§ Task goal
For the listing below, output exactly the lines from the line with "Pokal Center Westerheider" up to and including the line with "iPhone 13 mini", and no other lines.

§ Provided records
- Opening Delimiter -

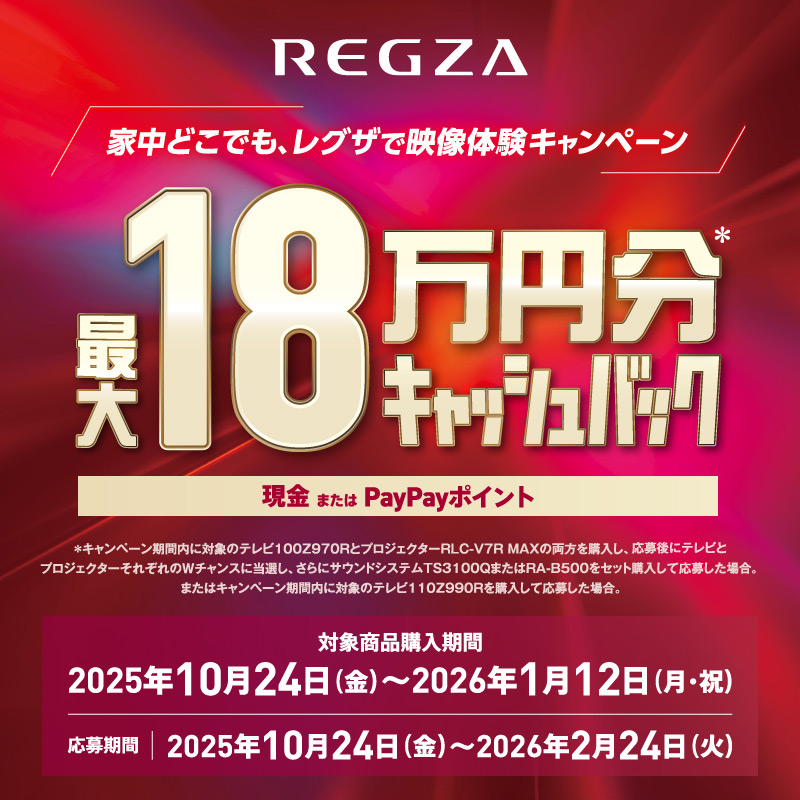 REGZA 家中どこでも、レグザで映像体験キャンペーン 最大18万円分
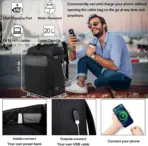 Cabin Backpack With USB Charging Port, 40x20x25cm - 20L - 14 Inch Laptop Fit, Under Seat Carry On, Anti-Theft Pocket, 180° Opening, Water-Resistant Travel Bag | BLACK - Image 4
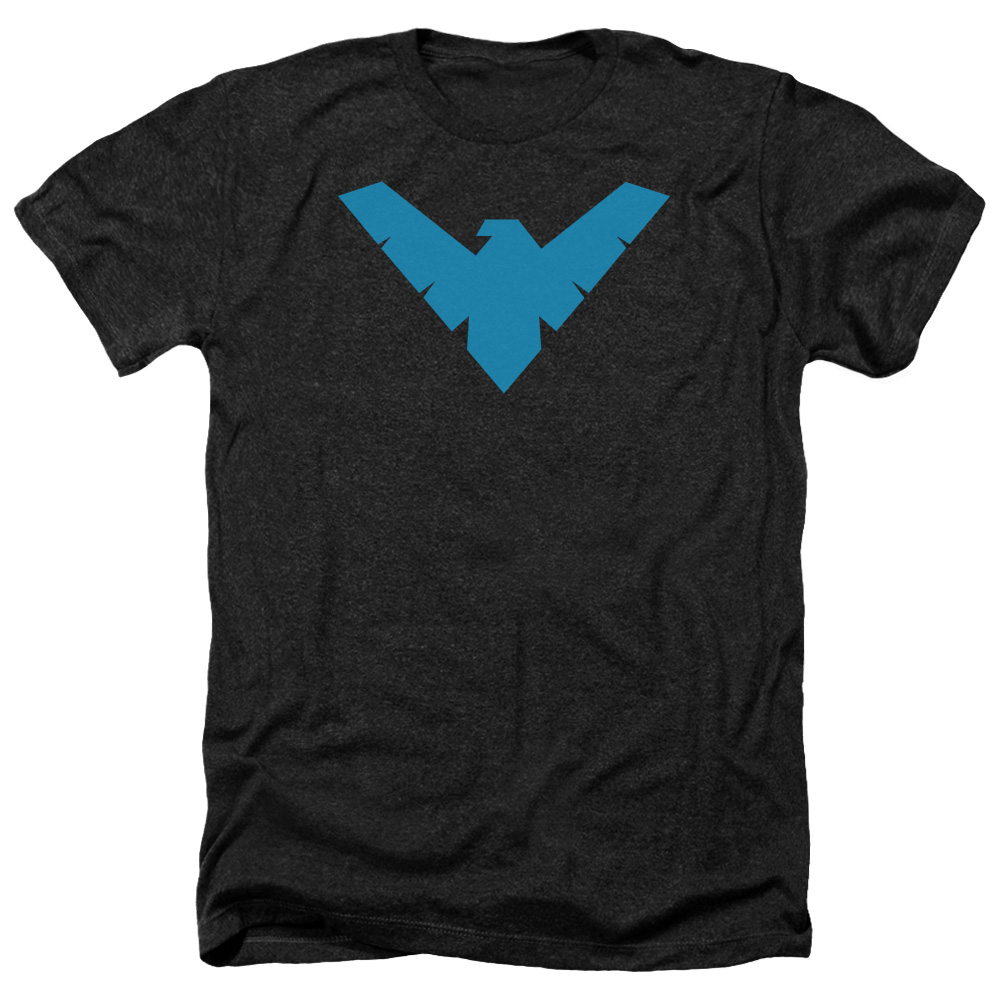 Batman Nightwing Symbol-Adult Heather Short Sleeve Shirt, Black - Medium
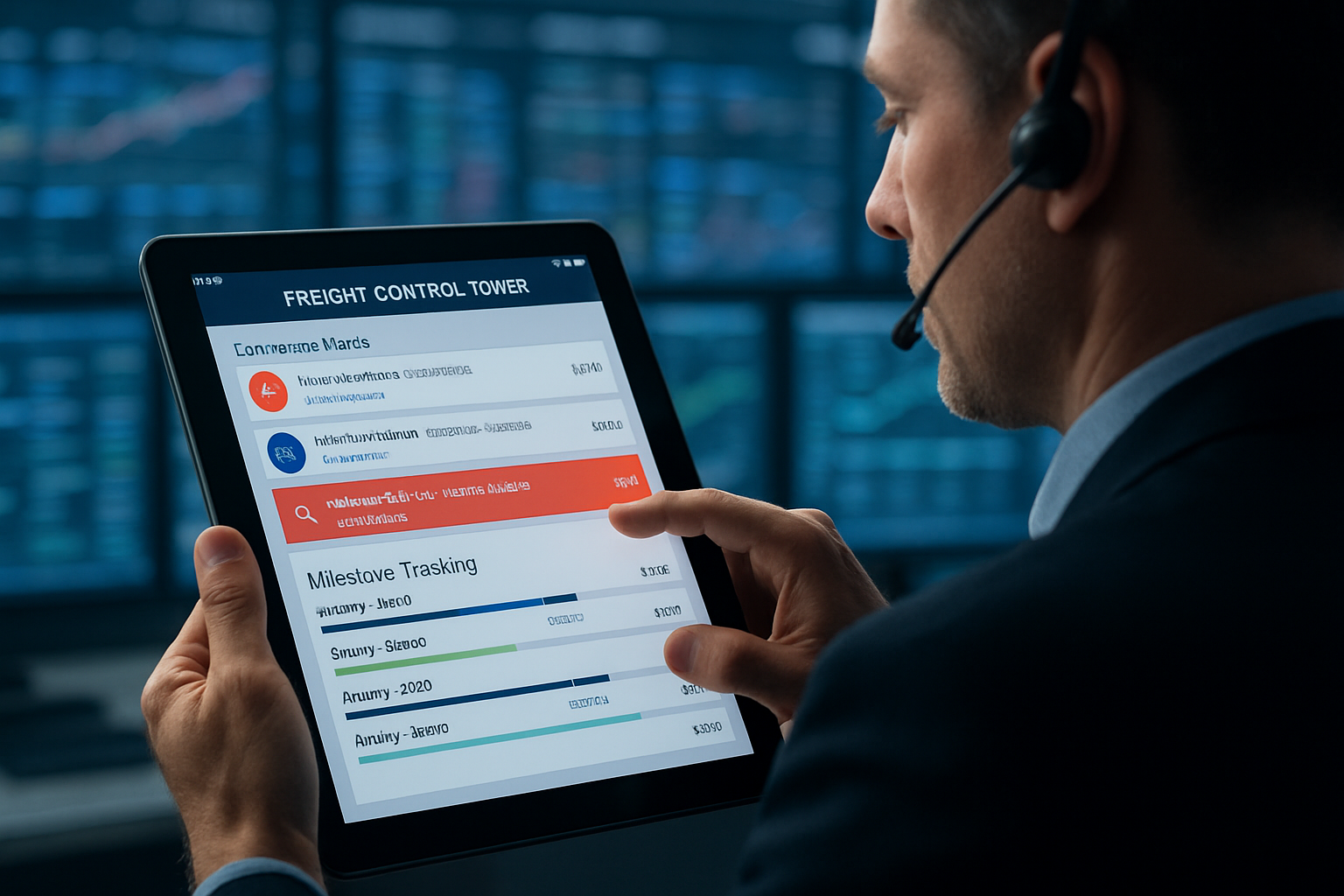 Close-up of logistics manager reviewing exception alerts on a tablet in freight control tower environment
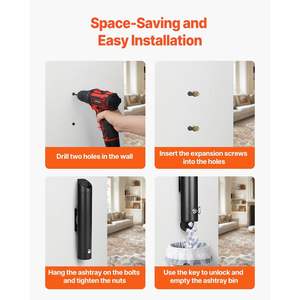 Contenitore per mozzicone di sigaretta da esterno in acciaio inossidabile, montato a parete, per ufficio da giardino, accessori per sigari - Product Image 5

- Closing Delimiter -
- Opening Delimiter -

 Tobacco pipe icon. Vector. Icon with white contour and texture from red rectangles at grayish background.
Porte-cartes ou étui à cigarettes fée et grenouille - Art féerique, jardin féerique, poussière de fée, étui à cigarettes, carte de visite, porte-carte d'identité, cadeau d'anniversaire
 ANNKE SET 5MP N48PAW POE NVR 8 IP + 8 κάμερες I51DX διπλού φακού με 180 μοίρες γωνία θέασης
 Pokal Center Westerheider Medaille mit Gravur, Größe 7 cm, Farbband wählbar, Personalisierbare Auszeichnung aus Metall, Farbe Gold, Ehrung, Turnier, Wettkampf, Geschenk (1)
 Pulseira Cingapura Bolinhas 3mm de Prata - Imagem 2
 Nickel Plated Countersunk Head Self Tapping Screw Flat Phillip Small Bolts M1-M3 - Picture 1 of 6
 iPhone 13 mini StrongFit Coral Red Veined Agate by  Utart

- Closing Delimiter -
- Opening Delimiter -

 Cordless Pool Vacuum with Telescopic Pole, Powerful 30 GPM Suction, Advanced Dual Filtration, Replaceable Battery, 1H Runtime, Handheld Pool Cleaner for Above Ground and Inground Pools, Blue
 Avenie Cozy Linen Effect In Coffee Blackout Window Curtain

- Closing Delimiter -

§ Task answer
 Pokal Center Westerheider Medaille mit Gravur, Größe 7 cm, Farbband wählbar, Personalisierbare Auszeichnung aus Metall, Farbe Gold, Ehrung, Turnier, Wettkampf, Geschenk (1)
 Pulseira Cingapura Bolinhas 3mm de Prata - Imagem 2
 Nickel Plated Countersunk Head Self Tapping Screw Flat Phillip Small Bolts M1-M3 - Picture 1 of 6
 iPhone 13 mini StrongFit Coral Red Veined Agate by  Utart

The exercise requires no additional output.